Eine dieser Kontrolltechniken ist die Randomized Response Technique, die in dieser Arbeit erläutert wird. Die Randomized Response Technique geht davon aus, dass sich die Bereitschaft der Befragten, auch auf sensitive Fragen wahrheitsgemäß zu antworten, erhöht, falls die vollständige Anonymität einer Befragung gewährleistet ist. Dies wird dadurch zu erreichen versucht, indem durch einen Zufallsprozess sichergestellt wird, dass das Antwortverhalten einer Person nicht mit dieser in Verbindung gebracht werden kann.
Ausgehend von diesem Grundgedanken wurden verschiedene RRT- Versionen entwickelt, von denen in dieser Arbeit vier Varianten vorgestellt werden.
Aus Vergleichsuntersuchungen ergeben sich Hinweise darauf, dass es mit Hilfe dieser Verfahren möglich ist, Ergebnisse zu erzielen, die weniger durch Antworttendenzen im Sinne der sozialen Erwünschtheit beeinflusst werden und folglich valider sind als Ergebnisse, die mittels Direct-Questioning gewonnen wurden.
1 Überblick
Als Antworttendenz wird eine systematische Neigung des Probanden bezeichnet, bei der die Reaktion nicht in direkter Beziehung zu dem zu erhebenden Merkmal steht.
Unter dem Oberbegriff Antworttendenz („Response Bias“) werden im allgemeinen:
- Bevorzugung mittlerer oder extremer Antwortalternativen
- Kontexteffekte (Bevorzugung von Antwortalternativen aufgrund des Formats, der Länge oder Position der Items)
- Akquieszenz (Zustimmungs-Tendenz)
- Antworttendenz im Sinne der sozialen Erwünschtheit (Social Desirability)
zusammengefasst.
Die Tendenz, im Sinne sozialer Erwünschtheit zu antworten, kann definiert werden, als „entsprechend der Erwartung zu reagieren, dass die Art der Reaktion die Zustimmung einer sozialen Gruppe findet.“[1]

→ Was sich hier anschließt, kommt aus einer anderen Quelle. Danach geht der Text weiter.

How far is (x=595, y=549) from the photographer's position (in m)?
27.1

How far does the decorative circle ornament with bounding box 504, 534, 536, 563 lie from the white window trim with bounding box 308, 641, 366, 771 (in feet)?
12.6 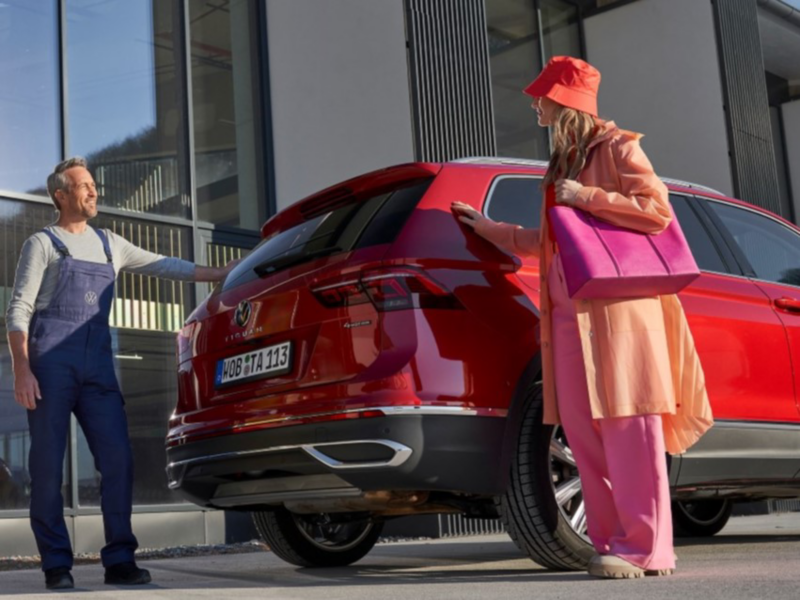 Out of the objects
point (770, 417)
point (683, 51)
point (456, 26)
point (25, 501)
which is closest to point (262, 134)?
point (456, 26)

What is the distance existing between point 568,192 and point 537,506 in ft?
3.66

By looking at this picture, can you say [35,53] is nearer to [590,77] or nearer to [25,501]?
[25,501]

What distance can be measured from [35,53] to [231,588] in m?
5.92

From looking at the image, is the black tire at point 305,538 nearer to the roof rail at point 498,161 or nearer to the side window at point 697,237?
the roof rail at point 498,161

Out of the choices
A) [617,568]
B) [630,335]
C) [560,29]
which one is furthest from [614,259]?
[560,29]

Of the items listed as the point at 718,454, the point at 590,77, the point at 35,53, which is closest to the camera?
the point at 590,77

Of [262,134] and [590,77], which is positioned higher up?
[262,134]

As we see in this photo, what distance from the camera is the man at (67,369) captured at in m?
4.73

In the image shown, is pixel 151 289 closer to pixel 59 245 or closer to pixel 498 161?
pixel 59 245

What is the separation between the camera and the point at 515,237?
4320 millimetres

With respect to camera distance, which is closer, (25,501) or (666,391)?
(666,391)

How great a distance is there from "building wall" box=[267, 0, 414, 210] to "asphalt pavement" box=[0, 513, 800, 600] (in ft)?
12.5

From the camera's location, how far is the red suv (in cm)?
400

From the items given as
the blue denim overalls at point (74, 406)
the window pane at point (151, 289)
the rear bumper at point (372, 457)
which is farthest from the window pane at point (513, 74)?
the rear bumper at point (372, 457) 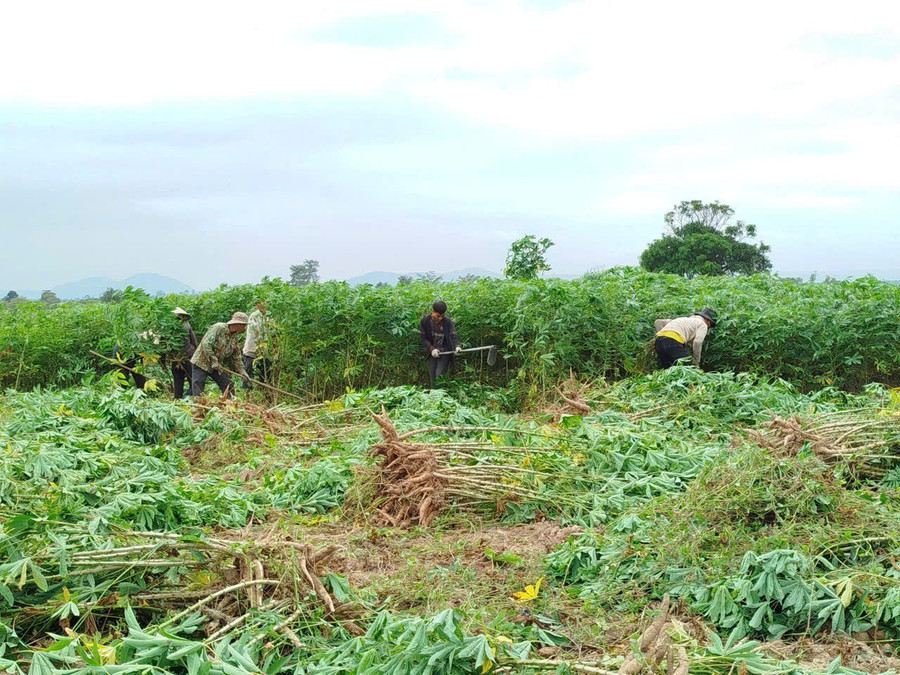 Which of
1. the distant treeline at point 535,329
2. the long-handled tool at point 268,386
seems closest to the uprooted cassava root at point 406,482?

Während die übrigen Antworttendenzen stark von formalen Aspekten der Fragebogenkonstruktion (Itemabfolge, Art der Antwortalternativen etc.) abhängig sind, wird die Tendenz sozial erwünscht zu reagieren, entscheidend durch die Thematik des Fragebogens bzw. der Frage determiniert.
Zum einen macht die starke Unabhängigkeit von formalen Gesichtspunkten es besonders schwierig, diese Antworttendenz zu kontrollieren, zum anderen lässt sich das Auftreten von Antworttendenzen im Sinne der sozialen Erwünschtheit für kaum einen Themenbereich von vorneherein völlig ausschließen, da die per Fragebogen erfassten Verhaltensweisen, Einstellungen etc. fast immer einer mehr oder minder starken sozialen Bewertung unterworfen sind.

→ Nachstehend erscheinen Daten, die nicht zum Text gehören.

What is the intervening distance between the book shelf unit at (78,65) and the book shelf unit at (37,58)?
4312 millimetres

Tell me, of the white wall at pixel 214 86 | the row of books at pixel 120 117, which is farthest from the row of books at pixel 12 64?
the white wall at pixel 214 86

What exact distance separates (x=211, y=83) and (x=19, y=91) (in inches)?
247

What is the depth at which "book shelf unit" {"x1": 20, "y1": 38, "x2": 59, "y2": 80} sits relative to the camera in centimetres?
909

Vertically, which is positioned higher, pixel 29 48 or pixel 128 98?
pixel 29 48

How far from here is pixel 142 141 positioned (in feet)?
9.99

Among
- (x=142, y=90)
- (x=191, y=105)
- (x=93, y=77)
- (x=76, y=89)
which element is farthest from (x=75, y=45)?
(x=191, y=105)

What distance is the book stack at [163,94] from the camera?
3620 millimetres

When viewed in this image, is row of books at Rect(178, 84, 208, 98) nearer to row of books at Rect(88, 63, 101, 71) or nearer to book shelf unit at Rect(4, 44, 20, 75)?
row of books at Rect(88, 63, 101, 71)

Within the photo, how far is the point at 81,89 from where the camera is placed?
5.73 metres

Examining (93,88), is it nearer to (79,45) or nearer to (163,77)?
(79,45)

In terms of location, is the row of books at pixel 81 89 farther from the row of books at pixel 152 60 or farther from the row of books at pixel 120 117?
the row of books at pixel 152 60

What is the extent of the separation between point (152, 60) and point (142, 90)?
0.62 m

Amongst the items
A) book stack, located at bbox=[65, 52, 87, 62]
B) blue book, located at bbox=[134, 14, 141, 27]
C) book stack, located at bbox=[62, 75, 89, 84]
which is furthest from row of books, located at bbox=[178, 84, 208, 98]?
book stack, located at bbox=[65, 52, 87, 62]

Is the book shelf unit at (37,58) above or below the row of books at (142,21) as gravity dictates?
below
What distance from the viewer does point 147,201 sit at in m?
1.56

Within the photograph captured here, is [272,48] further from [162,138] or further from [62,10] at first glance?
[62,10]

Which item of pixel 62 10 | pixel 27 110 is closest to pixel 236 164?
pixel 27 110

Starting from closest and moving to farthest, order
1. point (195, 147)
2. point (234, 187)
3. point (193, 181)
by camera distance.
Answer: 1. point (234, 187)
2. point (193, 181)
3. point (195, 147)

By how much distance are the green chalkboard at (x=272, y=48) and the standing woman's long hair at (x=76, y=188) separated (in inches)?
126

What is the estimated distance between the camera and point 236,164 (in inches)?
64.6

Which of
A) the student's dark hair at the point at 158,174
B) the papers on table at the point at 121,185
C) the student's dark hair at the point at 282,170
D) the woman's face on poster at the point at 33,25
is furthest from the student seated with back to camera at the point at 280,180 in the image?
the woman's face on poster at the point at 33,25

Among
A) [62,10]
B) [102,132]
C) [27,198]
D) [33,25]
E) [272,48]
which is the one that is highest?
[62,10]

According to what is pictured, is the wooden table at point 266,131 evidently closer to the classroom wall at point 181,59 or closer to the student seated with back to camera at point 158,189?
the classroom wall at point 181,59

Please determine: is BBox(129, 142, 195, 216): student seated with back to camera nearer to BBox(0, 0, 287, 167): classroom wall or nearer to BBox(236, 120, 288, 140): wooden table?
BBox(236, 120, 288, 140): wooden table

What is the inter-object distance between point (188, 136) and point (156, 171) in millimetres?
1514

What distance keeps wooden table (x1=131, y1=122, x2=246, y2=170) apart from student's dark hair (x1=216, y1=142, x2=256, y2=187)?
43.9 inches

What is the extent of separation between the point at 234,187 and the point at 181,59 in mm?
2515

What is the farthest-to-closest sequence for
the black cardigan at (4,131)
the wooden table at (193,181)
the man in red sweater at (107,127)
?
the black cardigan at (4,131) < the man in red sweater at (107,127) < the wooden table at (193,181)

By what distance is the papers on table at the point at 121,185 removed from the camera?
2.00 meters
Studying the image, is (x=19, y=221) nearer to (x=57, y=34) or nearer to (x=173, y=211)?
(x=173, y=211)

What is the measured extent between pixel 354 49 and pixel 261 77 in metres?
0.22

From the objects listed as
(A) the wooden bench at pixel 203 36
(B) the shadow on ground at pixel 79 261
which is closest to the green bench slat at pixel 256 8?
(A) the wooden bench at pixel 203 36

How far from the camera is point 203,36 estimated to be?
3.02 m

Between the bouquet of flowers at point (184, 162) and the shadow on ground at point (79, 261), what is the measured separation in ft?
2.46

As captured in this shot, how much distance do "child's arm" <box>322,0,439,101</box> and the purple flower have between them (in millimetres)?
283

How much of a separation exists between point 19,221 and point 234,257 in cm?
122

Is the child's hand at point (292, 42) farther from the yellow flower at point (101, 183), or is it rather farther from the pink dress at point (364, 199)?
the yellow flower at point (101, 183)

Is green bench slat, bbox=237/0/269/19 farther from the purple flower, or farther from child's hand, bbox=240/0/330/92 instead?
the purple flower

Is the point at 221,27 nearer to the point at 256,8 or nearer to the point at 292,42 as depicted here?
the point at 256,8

Aus diesen Gründen gilt die Soziale -Erwünschtheitstendenz als ein Hauptproblem aller subjektiven Verfahren und wurde von allen Antworttendenzen am intensivsten erforscht.

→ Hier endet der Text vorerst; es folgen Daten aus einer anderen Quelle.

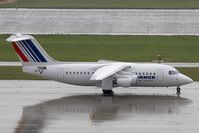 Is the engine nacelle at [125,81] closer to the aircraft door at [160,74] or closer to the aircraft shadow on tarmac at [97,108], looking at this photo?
the aircraft shadow on tarmac at [97,108]

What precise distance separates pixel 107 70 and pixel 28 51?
263 inches

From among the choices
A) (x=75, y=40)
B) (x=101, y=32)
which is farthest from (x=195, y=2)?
(x=75, y=40)

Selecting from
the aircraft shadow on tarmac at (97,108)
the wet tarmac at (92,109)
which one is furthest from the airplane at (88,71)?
the aircraft shadow on tarmac at (97,108)

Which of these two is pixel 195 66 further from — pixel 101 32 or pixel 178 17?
pixel 178 17

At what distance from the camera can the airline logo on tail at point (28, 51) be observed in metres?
51.6

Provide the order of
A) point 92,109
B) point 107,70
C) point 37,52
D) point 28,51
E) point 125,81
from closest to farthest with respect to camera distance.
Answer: point 92,109 < point 107,70 < point 125,81 < point 28,51 < point 37,52

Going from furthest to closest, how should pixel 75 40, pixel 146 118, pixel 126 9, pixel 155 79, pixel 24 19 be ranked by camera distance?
pixel 126 9
pixel 24 19
pixel 75 40
pixel 155 79
pixel 146 118

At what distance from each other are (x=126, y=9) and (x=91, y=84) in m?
48.6

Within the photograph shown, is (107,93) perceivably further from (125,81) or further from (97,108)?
(97,108)

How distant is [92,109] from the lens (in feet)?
151

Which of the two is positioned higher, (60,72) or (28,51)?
(28,51)

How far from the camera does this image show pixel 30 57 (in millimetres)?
51844

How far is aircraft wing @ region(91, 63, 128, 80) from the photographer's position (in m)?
48.5

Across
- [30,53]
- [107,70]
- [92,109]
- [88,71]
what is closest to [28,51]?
[30,53] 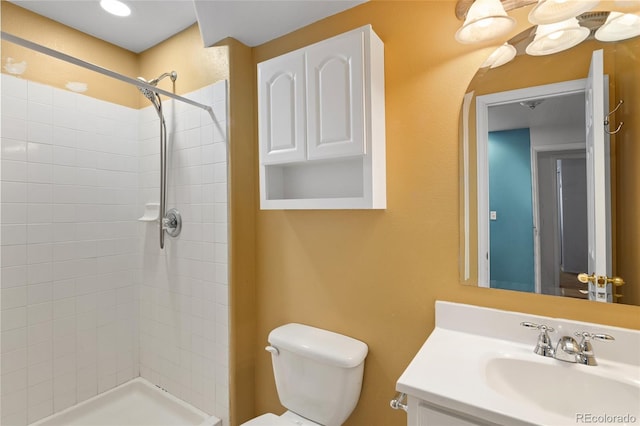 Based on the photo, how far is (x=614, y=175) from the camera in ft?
3.17

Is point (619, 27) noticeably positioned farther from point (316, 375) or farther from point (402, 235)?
point (316, 375)

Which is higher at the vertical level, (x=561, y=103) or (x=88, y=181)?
(x=561, y=103)

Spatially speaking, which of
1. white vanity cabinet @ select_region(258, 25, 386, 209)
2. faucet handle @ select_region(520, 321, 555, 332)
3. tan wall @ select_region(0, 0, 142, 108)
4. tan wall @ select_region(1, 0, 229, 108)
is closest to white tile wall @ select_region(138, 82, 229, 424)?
tan wall @ select_region(1, 0, 229, 108)

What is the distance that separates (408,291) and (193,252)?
1.24m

Bevor im zweiten Teil dieser Arbeit auf die Randomized-Response-Technique, als eine Methode zur Vermeidung der genannten Antworttendenz, näher eingegangen wird, wird zunächst mit dem Zwei-Komponenten-Modell von Paulhus eine Theorie der sozialen Erwünschtheit vorgestellt.
2 Soziale Erwünschtheit - Response Set oder Response Style?
Antworttendenzen, so auch die soziale Erwünschtheitstendenz, werden häufig hinsichtlich ihres Grades an Situationsspezifität eingeteilt. Es wird hierbei zwischen Response Set und Response Style unterschieden.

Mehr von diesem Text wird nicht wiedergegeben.